When we ordered the stories we’d been grooming by their priority rating, the prioritisation felt pretty right!

This technique was useful for us, both because it made us really consider the stories and their business value, but also because it helped us truly prioritise pieces of work in our backlog. What we also learnt was the power of putting our heads together to make the assessment around “What’s next?”.

The “Why are we here?” of Agile – Business value part 1

why are we here questionI recently delivered some lectures to Deakin University undergraduate and graduate project management students on Agile. To get an idea of who was in the room, ahead of starting the planned presentation, I asked the students what they were studying. There was a smattering of business students, some computing students, a law student here or there and a bunch from diverse fields such as event and arts management. What would my message be to this assortment of students who would be working in fields so diverse from each other? That Agile is driven by prioritising delivery based on business value, but that business value looks very different depending on where you are!

I like to use examples drawn from my real world business experience, and in this case, it’s kind of obvious that when you are prioritising user stories within a backlog at Telstra Digital, you’ll be looking for those that will lead to increasing sales of products online and reducing costs of servicing customers through online self-service. User stories that accord with this business value will bubble to the top of the product backlog and within any epic, you’ll decided just how many stories deliver enough business value, before tackling the next epic that again delivers this business value.

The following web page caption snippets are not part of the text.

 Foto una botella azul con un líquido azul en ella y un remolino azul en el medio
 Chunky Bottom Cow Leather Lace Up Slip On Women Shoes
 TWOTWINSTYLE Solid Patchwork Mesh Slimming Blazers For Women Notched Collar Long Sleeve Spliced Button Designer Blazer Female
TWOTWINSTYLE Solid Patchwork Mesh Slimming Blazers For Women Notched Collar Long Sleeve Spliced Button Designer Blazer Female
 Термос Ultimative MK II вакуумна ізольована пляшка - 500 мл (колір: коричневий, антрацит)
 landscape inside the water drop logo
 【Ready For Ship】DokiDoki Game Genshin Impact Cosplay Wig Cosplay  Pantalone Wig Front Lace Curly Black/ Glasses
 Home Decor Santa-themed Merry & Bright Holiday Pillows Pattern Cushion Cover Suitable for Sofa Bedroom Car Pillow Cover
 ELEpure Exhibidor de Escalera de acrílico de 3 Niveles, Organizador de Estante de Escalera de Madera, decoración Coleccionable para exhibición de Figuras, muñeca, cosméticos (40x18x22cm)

I really liked the approach we took to assessing business value at Australia Post. Increasing revenue and reducing cost were on our menu of business value criteria, but we further categorised this into significant increase to revenue, or minor increase to revenue. We did likewise for cost reduction. This allowed us to prioritise a significant cost reduction initiative above a minor revenue increase initiative. We did take into account customer experience improvement initiatives, but these were always quantified in terms of how they would impact revenue increase or cost reduction.

In a university environment business value can be harder to quantify. At Deakin our measures are closely tied to our LIVE the Future 2020 Agenda. Learning relates to offering a brilliant experience where you are and where you want to go. Ideas relates to making a difference through world class innovation and research. Value relates to strengthening our communities, enabling our partners and enhancing our enterprise. Experience relates to delighting our students, our staff, our alumni and our friends.

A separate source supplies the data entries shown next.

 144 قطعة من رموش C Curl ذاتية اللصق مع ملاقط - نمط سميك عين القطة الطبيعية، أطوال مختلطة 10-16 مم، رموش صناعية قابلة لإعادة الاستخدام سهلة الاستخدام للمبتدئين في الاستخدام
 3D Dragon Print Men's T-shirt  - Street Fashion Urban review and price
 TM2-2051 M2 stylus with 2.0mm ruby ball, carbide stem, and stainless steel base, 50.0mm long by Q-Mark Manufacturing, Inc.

So how do you truly evaluate if the products and features you are delivering add business value?

I like to ask the “Why are we here?” question. DeakinSync is Deakin University’s flagship online portal that allows students to access what they are likely to need in one place through a single logon, be it timetable, access to their school or faculty, email, industry placement info, or other important information. Students can even access the learning space, Cloud Deakin, to view lectures, interact with other students and submit assignments. The customer experience of DeakinSync as a single personalised experience for students is incredibly high, but once again its business value relates to how it aligns with the LIVE the Future Agenda.

The DeakinSync team know that the product’s rationale is to aggregate services and provide a fabulous experience for students, something we value very highly at Deakin University. By asking the “Why are we here?” question, it reminds the team that features still in their product backlog can be prioritised based on how closely they will align with product’s ability to enhance customer experience, drive retention, reduce costs associated with providing great experience and support Deakin as a sustainable enterprise. The message about business value then, should be that you need both to align with your enterprise’s core business drivers, but also to look at what your team individually contributes to this bottom line.